M. Alain Richard, ministre de la défense, a alors apporté, en réponse aux commissaires, les précisions suivantes :

- le ministre a déclaré disposer de très peu d'éléments pour se prononcer sur les circonstances du massacre de Racak.

- M. Milosevic n'est pas le seul interlocuteur de la communauté internationale ; l'armée de libération du Kosovo a démontré depuis quelques semaines qu'elle est capable de modifier la réalité sur le terrain ;

- lorsque le cadre politique a été fixé par la communauté internationale au mois d'octobre dernier, elle a sans doute sous-estimé la capacité de prise de contrôle territorial de l'armée de libération du Kosovo ; si la communauté internationale devait aujourd'hui réagir par la force à une situation qui a évolué, cela nécessiterait l'accord politique de plusieurs pays et un cadre de légitimité internationale, autant d'éléments qui ne peuvent être réunis rapidement ;

- la mission de la force d'extraction est de porter secours, le cas échéant, à des vérificateurs de l'OSCE placés dans des situations d'engagement et de conflit local. La chaîne de commandement de cette force d'extraction relève, s'agissant d'un dispositif de l'OTAN, du commandement suprême allié en Europe (SACEUR) ou de ses délégués en cas d'urgence. L'Alliance planifie la mise en place d'une éventuelle force d'évacuation aux capacités plus importantes qui, en cas de dégradation de la situation, pourrait, après regroupement des vérificateurs, organiser une évacuation généralisée ;

- la population albanaise est de plus en plus solidaire de la communauté albanophone du Kosovo ; s'agissant de la Macédoine, la situation est quelque peu différente même si une sympathie analogue est perceptible à l'égard de la population du Kosovo ;

- enfin, tout recours à la force poserait à nouveau la question de la nécessité d'une nouvelle résolution du Conseil de sécurité de l'ONU, ce qui constituerait une difficulté supplémentaire.

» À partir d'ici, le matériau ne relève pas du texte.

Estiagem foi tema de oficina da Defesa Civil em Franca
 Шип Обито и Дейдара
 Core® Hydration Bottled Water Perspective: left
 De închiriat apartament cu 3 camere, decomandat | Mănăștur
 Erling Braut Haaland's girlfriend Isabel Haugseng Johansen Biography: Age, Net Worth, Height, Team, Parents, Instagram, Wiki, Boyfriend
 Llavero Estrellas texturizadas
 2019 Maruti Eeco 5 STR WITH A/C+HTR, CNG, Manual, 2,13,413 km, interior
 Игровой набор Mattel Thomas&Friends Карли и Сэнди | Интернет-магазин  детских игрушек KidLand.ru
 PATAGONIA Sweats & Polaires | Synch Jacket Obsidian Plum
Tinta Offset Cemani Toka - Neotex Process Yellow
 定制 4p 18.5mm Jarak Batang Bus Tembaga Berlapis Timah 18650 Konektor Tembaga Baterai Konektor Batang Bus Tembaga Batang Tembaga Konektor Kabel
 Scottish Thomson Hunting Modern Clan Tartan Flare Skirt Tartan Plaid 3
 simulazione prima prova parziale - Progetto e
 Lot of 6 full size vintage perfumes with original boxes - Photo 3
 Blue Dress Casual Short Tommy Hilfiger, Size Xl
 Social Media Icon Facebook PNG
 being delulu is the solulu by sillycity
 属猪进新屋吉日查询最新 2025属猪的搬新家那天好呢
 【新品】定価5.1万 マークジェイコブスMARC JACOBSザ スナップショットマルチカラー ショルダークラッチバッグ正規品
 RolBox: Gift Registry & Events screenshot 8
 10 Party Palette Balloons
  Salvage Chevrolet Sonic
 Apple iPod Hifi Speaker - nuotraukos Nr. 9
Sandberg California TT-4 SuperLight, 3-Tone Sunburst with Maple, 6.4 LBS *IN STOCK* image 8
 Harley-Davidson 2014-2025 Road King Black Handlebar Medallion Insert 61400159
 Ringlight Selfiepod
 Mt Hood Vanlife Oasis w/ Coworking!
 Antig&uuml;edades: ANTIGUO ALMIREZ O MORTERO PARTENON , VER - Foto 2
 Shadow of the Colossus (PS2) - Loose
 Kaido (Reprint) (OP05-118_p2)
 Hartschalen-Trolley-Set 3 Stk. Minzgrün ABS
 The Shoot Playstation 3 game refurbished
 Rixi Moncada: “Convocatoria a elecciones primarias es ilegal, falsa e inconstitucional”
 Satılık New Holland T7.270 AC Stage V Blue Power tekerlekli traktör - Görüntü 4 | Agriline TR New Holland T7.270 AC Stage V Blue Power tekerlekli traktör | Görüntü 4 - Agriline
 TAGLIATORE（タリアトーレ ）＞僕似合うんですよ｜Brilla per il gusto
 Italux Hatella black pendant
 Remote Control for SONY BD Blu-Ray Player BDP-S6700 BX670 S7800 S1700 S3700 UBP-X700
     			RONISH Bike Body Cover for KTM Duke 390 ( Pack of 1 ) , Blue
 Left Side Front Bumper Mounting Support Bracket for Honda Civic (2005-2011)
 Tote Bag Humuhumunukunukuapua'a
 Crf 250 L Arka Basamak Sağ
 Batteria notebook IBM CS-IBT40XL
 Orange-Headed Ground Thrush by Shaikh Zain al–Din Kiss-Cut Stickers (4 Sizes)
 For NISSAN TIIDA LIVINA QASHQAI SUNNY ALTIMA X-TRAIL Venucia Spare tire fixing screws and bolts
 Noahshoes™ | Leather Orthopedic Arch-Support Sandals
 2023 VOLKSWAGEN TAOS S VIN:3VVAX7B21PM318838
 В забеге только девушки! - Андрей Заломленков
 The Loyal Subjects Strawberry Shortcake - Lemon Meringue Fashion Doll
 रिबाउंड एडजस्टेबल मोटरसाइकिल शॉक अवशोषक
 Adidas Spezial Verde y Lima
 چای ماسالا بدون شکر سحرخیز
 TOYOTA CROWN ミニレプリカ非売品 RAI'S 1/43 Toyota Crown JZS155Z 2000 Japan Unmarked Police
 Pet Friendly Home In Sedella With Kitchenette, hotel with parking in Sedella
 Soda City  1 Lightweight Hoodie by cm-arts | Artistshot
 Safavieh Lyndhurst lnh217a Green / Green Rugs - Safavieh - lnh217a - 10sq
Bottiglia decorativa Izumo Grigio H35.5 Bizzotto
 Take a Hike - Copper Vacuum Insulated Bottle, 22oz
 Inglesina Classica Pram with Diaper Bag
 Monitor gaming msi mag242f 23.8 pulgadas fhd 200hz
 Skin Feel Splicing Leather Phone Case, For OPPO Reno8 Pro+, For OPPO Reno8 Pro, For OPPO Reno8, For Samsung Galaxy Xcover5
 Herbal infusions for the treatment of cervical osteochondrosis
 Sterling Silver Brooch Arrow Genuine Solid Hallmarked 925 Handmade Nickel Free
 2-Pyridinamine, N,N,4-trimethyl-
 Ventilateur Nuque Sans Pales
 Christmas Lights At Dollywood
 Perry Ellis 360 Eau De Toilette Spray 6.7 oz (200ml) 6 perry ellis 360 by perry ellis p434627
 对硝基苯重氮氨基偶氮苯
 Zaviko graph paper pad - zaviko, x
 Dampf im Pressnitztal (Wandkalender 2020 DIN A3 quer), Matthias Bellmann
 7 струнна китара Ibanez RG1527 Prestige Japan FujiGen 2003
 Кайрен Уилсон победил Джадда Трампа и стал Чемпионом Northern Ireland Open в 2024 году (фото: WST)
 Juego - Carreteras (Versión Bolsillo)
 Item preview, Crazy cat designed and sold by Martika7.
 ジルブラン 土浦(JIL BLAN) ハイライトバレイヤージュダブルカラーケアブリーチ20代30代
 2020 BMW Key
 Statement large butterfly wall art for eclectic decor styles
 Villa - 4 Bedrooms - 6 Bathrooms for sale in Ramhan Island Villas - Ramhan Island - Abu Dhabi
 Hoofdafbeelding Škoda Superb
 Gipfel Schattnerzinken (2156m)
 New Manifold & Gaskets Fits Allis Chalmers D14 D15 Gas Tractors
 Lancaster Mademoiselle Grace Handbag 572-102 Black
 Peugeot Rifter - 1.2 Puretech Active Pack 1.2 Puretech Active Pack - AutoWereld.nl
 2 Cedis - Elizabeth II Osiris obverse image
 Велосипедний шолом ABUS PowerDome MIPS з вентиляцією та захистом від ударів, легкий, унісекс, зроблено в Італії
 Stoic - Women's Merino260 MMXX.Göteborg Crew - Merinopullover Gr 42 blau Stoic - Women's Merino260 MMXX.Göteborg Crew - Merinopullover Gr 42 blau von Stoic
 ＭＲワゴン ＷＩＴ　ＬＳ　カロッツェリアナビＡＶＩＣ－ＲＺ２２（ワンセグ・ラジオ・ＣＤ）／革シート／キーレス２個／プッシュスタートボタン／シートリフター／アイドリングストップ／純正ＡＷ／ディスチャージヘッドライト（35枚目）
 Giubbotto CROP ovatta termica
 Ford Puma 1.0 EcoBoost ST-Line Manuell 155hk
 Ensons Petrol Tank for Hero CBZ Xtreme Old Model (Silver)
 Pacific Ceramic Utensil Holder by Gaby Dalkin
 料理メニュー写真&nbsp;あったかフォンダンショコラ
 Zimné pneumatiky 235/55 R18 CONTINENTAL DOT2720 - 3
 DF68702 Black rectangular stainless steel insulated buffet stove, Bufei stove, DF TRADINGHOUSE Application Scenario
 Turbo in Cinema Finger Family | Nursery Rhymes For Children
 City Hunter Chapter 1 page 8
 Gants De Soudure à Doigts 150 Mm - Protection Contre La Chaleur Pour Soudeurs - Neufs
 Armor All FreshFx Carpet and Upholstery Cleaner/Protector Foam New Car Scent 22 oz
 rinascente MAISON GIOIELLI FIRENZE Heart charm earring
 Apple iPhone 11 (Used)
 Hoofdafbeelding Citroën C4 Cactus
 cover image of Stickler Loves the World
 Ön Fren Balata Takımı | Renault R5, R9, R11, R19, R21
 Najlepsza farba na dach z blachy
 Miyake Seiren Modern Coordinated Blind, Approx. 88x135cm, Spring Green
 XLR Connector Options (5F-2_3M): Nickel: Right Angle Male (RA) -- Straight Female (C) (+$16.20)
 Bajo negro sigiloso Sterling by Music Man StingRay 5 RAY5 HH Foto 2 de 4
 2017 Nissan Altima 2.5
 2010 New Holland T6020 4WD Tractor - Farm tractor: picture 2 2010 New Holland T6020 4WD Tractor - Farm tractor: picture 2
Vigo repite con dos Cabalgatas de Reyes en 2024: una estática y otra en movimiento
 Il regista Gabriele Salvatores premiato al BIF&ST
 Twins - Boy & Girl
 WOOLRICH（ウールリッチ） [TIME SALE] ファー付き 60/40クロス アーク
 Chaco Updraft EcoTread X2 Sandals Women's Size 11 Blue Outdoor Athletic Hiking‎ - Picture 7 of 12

M. Michel Caldaguès a alors interrogé le ministre pour savoir quelle autorité politique pourrait éventuellement décider d'engager des soldats français contre un pays souverain. Le ministre de la défense a indiqué au sénateur qu'une telle décision relèverait naturellement du Président de la République et du gouvernement français. Il a rappelé que des précédents existaient où des forces de l'ONU étaient présentes pour régler un conflit armé interne à un pays souverain. Pour le ministre, la question se posait de savoir si l'Europe laisserait se réaliser sur son sol un équilibre politique contraire à ses principes et à ses intérêts. Le ministre a reconnu que la situation au Kosovo démontrait, à ce jour, que les Européens ne disposent pas encore, à eux seuls, de la capacité de résoudre une crise de cette ampleur. La France ne saurait enfin se désintéresser ni du risque d'éclatement de la Fédération yougoslave, ni du maintien par cette même Fédération d'une logique d'oppression.

 Un débat s'est ensuite engagé avec le ministre de la défense sur d'autres sujets d'actualité évoqués par les commissaires.

M. Bertrand Delanoë a évoqué les conséquences de la fusion qui vient d'être annoncée entre British Aerospace et G.E.C. sur la restructuration de l'industrie européenne de défense. Il s'est demandé dans quelle mesure, après les engagements pris au sommet de Saint-Malo, le gouvernement britannique pouvait traduire au plan industriel sa volonté de contribuer à l'édification de l'Europe de la défense. Il a souhaité savoir si l'accélération des restructurations entre industriels français ne permettrait pas de mieux saisir les opportunités de rapprochement avec d'autres industriels européens, tels que DASA.

M. André Rouvière a demandé des précisions sur les récentes décisions gouvernementales relatives au redéploiement des forces de sécurité. S'agissant des critères retenus pour décider du maintien des brigades de gendarmerie en zone rurale, il a relativisé la pertinence des indications fournies par le nombre des délits, celui-ci étant souvent faible là où les brigades sont les plus efficaces.

M. André Dulait a interrogé le ministre sur les risques de prolifération nucléaire et balistique imputables à la Corée du Nord.

M. Xavier de Villepin, président, a souhaité connaître la situation de la consommation des crédits d'équipement du ministère de la défense au cours de l'exercice 1998. Il a par ailleurs interrogé le ministre sur les enseignements qu'il tirait de la décision du gouvernement américain d'augmenter le niveau de ses dépenses militaires.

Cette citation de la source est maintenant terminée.